Quando arrivammo non c’era ancora nessuno, così predisponemmo le scacchiere per giocare, mettemmo i libri portati per i “ragazzi” su un tavolo e facemmo lo stesso con le bibite.
Incominciarono ad arrivare e, dopo qualche minuto di studio reciproco, ci mettemmo a giocare. Ciò che mi colpì più di tutto dei nostri avversari era la loro dignità. Sembravano consapevoli della loro colpa ma non per questo apparivano in soggezione. E si vedeva che erano contenti di giocare con noi: per loro era un’occasione per avere contatto con quel mondo esterno che alcuni di loro possono vedere solo due volte al mese. Dopo alcune partite di riscaldamento, iniziammo il torneo vero e proprio: due partite, una col bianco e una col nero. Il mio avversario giocò bene, ma si ritrovò ad avere la peggio. Aveva trent’anni ed era albanese. Mi domandai come si doveva sentire una persona di trent’anni, pochi più di me, lontano da casa sua e, per di più, in carcere. Gli albanesi sono uomini, fino a prova contraria. D’altra parte, se era lì qualcosa doveva aver fatto e più di una volta stavo per chiedergli cosa, ma il mio senso del buon gusto mi fece desistere.

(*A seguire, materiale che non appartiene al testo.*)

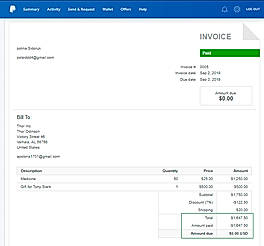 Business Payments : Transactions screenshot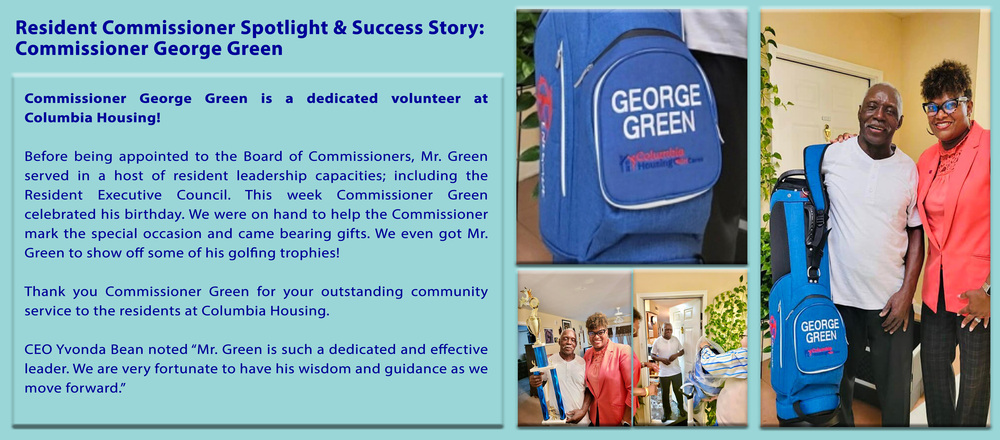 Commissioner Green celebrates
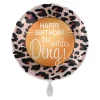 NEU Folienballon - Happy Birthday Du wildes Ding - ca. 45cm Durchmesser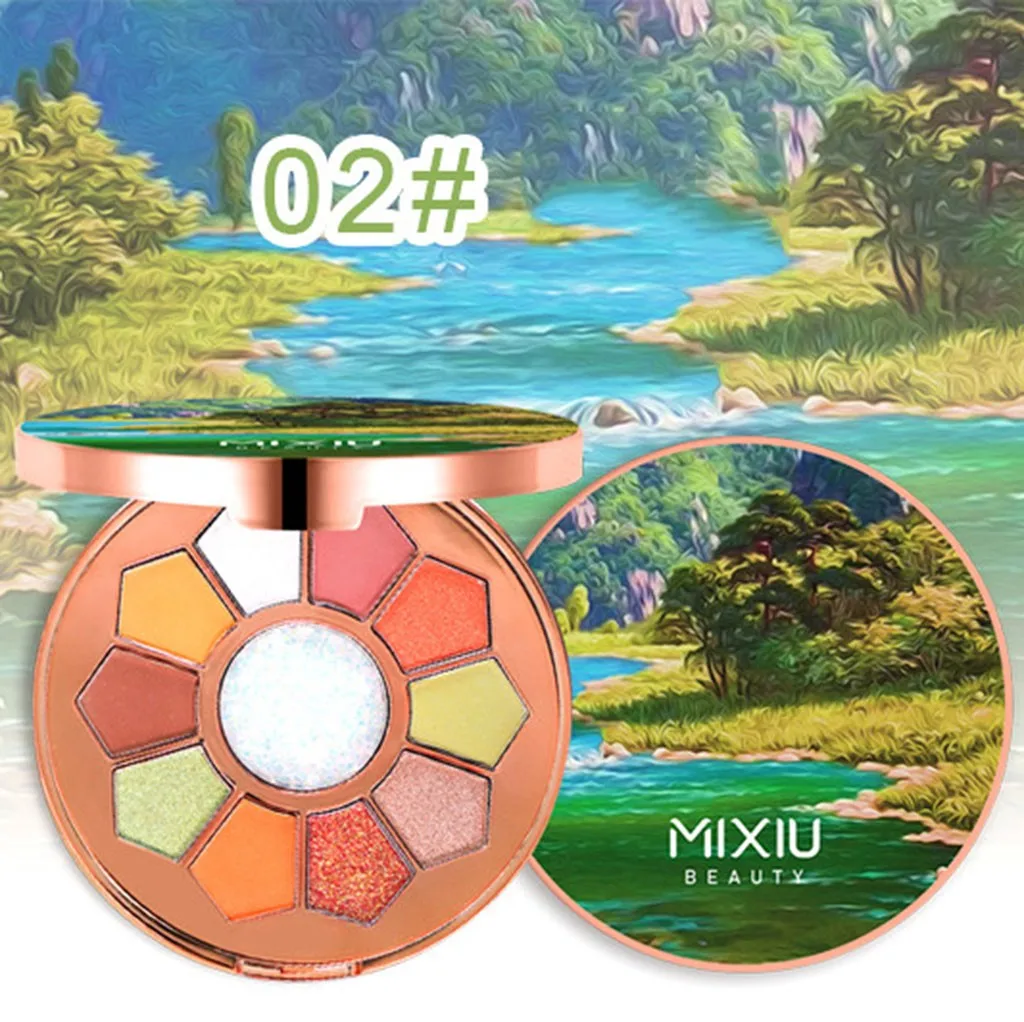 Палетка натуральных теней перламутровые блестящие матовые тени для век макияжа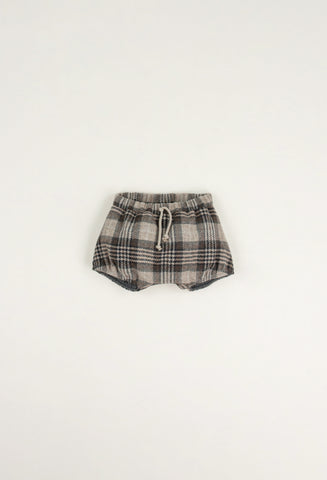 Popelin Brown Plaid Culotte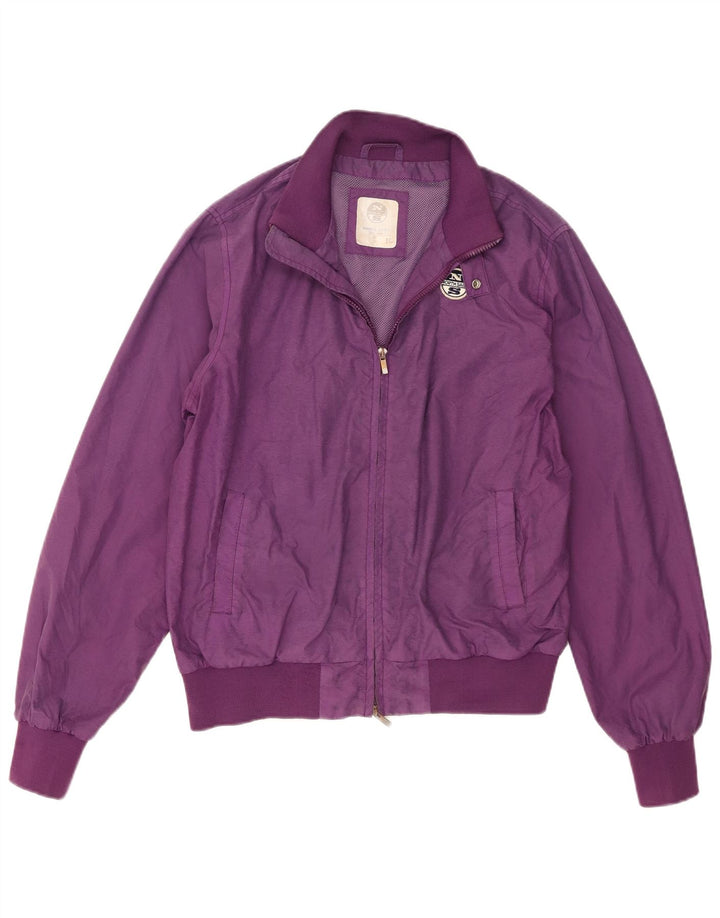 Jaqueta bomber feminina North Sails UK 16 grande roxo nylon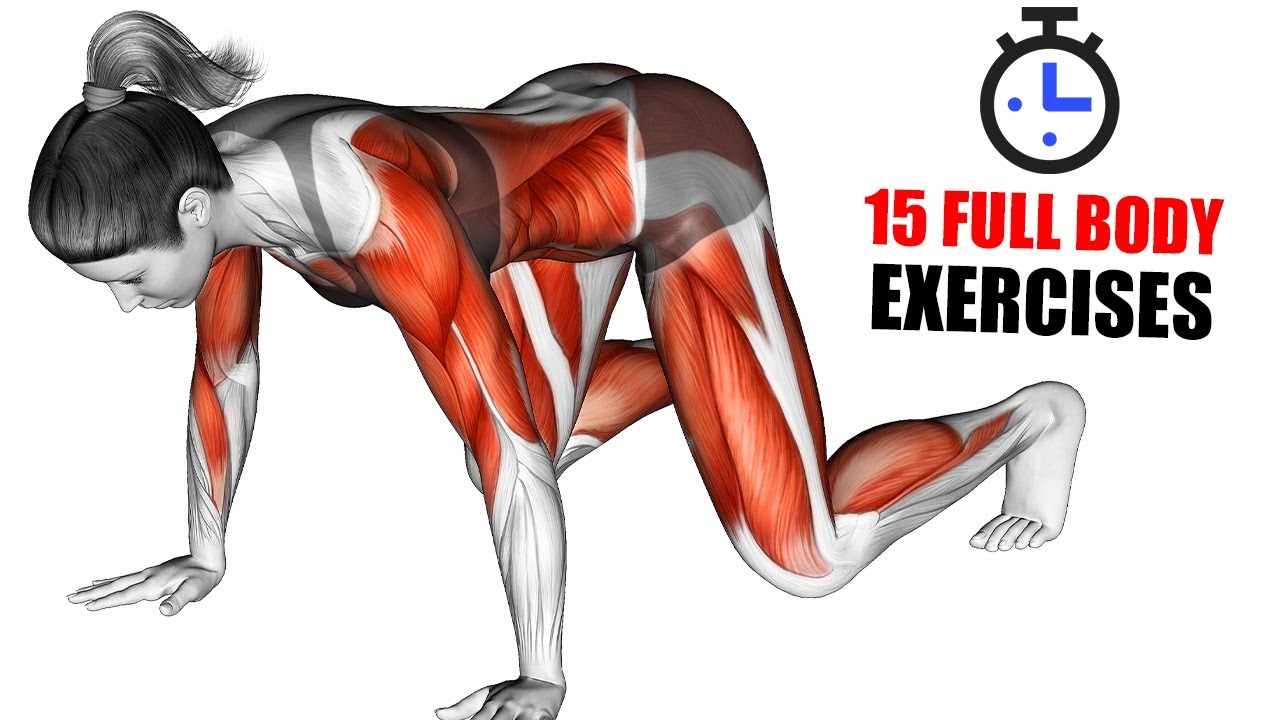 Full Body Pump Workout To Get Fit At Home 1 Month Program (15 Exercises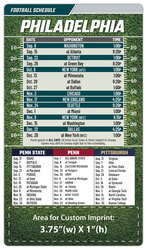 Magnet Football Sport Schedules - 4x7 Round Corners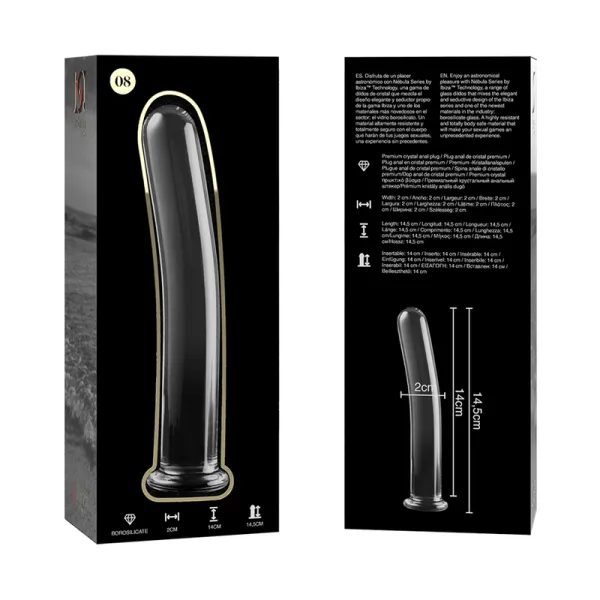 Modell 8 Dildo Borosilikatglas Klar 14,5 cm -O- 2 cm von Nebula Series By Ibiza | Fesselliebe.de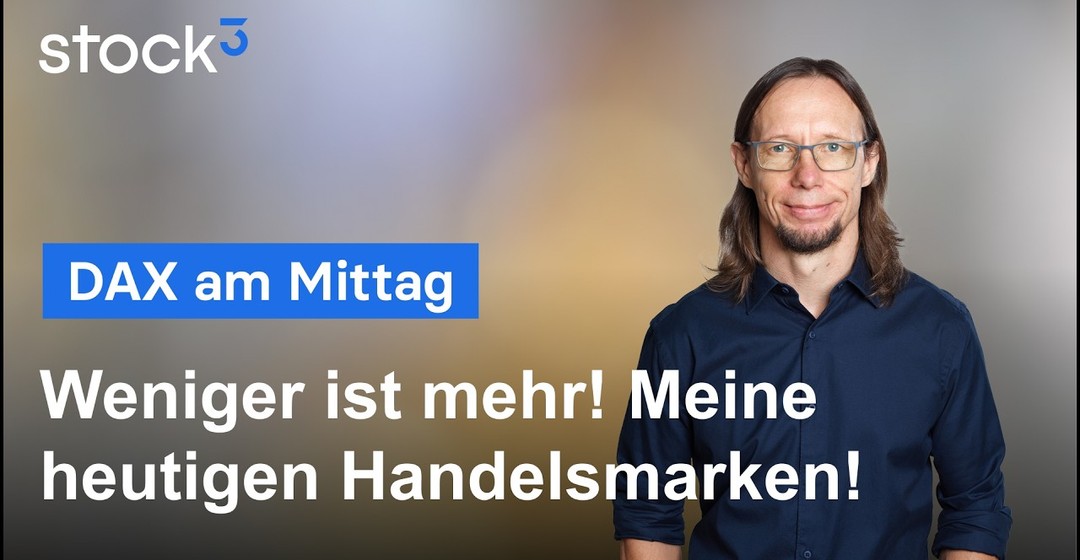 DAX Analyse am Mittag - Auf der Suche nach einem neuen Impuls! Meine Marken für heute!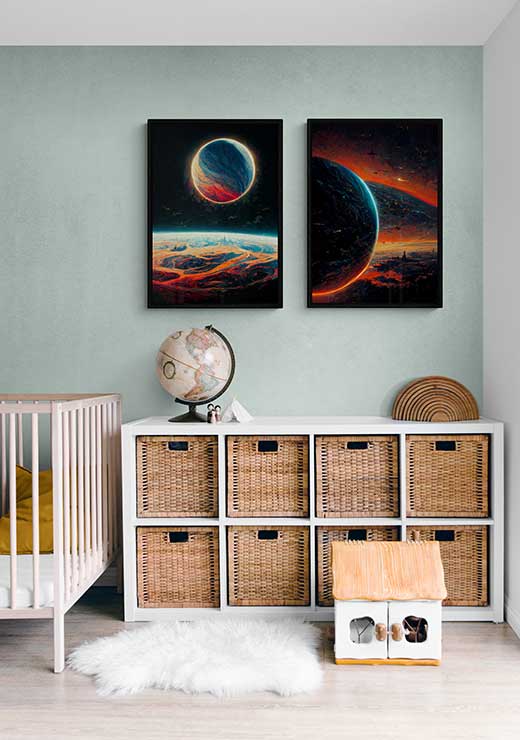 Planets in Space 1 - Winnie Møller Planets in Space 1 - Winnie Møller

Divertente fu la mia scappata al bagno: anche la toilette aveva porte di acciaio di dimensioni ragguardevoli, tutto bianco e senza finestre. Mi domandai subito quanto potesse essere frequentato quel locale, visto che, in realtà, era lontano dai luoghi abitualmente frequentati dai carcerati, più che per lo spazio, per la burocrazia carceraria. Come si fa, in genere, in questi casi guardai di fronte a me e lessi il cartello: “Onde evitare il noto effetto Venezia si prega i gentili signori di fare centro nel buco. Grazie!” Tutta questa ironia nel bagno di un carcere non ce la si aspetta! Confesserò che mi misi a ridere da solo!
Concludemmo la manifestazione con un brindisi generale e con tutta l’allegria disponibile.
Ritornato alla realtà, non ho potuto fare a meno di domandarmi quanti che parlano di prigioni abbiano anche solo una pallida idea dei sentimenti che si possono provare una volta dentro. Forse, dovremmo tutti entrare almeno una volta in un carcere, forse si risparmierebbero tante stupidaggini.
Ma nella malinconia dei miei sentimenti fui contento di aver giocato con quei ragazzi al più bel gioco che l’essere umano abbia mai inventato, gli scacchi. Una sfida senza sangue, una guerra senza odio, l’unico scontro che invece di dividere unisce. Un gioco capace di far comunicare due cervelli senza bisogno di parole, discussioni o altro, un gioco fantastico che ha il più bel motto del mondo, gens una sumus: siamo tutti una stessa gente.